The three debaters competed in four events in the advanced category: interpretive reading, impromptu speaking, parliamentary debate, and either an after-dinner or persuasive speech. Graham placed first in the after-dinner competition, in which speakers deliver a speech as a character they have created, and Chloe placed second in the impromptu category, where speakers deliver a three-to-five-minute speech inspired by one of the three prompts they received two minutes earlier.
Their journey started at the yearly Debating Association of New England Independent Schools (DANEIS) tournaments. Chloe and Aaron qualified for the World Championship by placing first in one of the seven DANEIS tournaments. The eighth tournament of the year, Internationals, sent the top five finishers to Worlds, which included Graham. They joined nine other students from schools across the United States to represent their country in the World Championship.
To prepare for the tournament, the school debate team participated in Zoom debates with other students from the U.S. who had qualified. The debaters also practiced year-round during Community Activity Blocks and on Wednesday mornings before school.
On March 24, after traveling for 27 hours, the team and their coach, Talayah Hudson, arrived in Durban, where they rested for the following day, Aaron said.
“We had that day to sleep and relax, so the jetlag was cured pretty much instantly,” he said.
The preliminary competitions, consisting of two rounds of each of the four events, began the next day. These debates concerned issues such as climate change, the economy, and global citizenship. They ended each day with a dinner with the other debaters. There was one day when the team went to the Nelson Mandela Capture Site. As the tournament neared, Graham’s nerves were building, he said.
“I was nervous the first time I did my after-dinner speech because although I’d shared it with friends and family and they thought it was funny, the actual debate room is entirely new, and it’s hard to predict how much the audience will laugh.”

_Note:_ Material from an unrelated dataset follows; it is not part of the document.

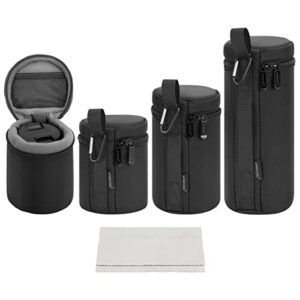arvok camera lens case, water resistant protective lens pouch for dslr camera lens, 4 size thick camera lens bag for nikon, tamron, sigma, pentax, sony, fuji, panasonic (4 pack)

Graham and Aaron, who wrote after-dinner speeches in which they assumed the roles of a tech professional and a CIA agent respectively, had to adapt their speeches so that they would resonate with people from multiple cultures and countries, Graham said. Joking about labor, he wanted his insights about corporate hypocrisy to resonate with all, he said.“
An international audience is not going to get your references, so I had to make social commentaries that I felt were not only relevant in the United States, but in the world at large.”

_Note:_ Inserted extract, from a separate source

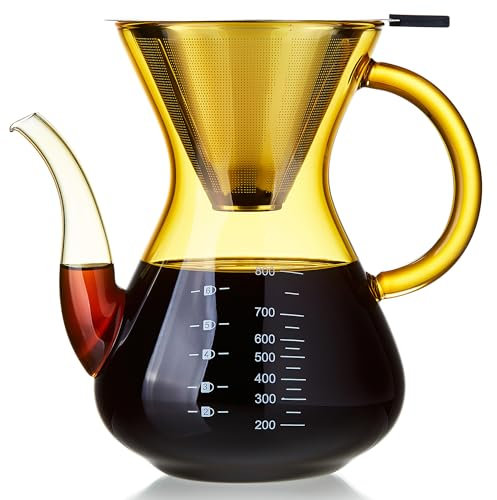 MESNEY Pour Over Coffee Maker, 800ml Heat-Resistant Borosilicate Glass, Coffee Pour Over with Stainless Steel Filter, Eco-Friendly Reusable Glass Pot for Home & Office,Yellow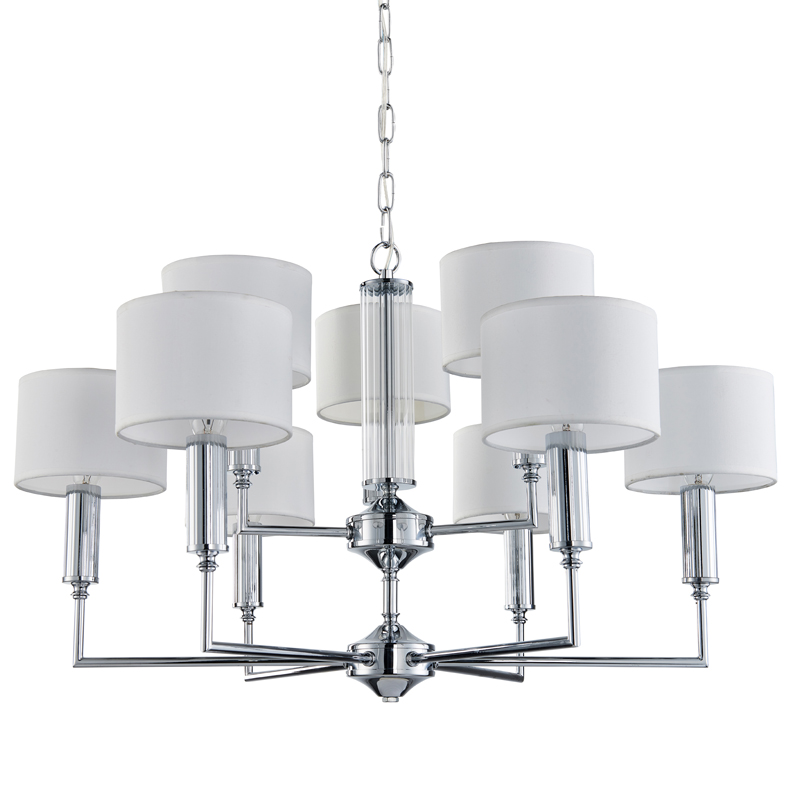 Люстра Laurent Chandelier white 71 Хром Белый Прозрачный Люстра Laurent Chandelier white 71 Хром Белый Прозрачный в Грозном | Loft Concept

Aaron said he earned a laugh when he instructed “people to leave the rooms if they had to take a call because the CIA has heard enough of their private conversations already.”
Chloe focused on an impromptu speech, in which she used her passion to differentiate herself from the other competitors, she said.
“I was also very vulnerable, which I think is one of my really biggest strengths. I think that if I had done anything, but be myself, it would have been a really bad speech.”
WIDPSC is a unique opportunity to build friendships with international debaters, Chloe said.
“I have really, really close friends now that are all across New England, the United States, and the world,” she said.
The friends that the debaters made on this trip helped them with their jokes and cheered them on, cultivating a special connection, Chloe said.
“People really want each other to succeed, and I think one of the best examples of that is when Graham gave his final after-dinner speech during the Grand Finals, the U.S. delegation all stood right in the front, and we were just screaming the entire time.”
The team hopes to develop the skills they learned to further strengthen the school’s Speech and Debate team and send another round of debaters to next year’s WIDPSC team, Ms. Hudson said.
“I hope that this serves as motivation for them to continue with debate and to implement all that they’ve learned and to become better debaters, better speakers, while also helping train new debaters coming up every year.”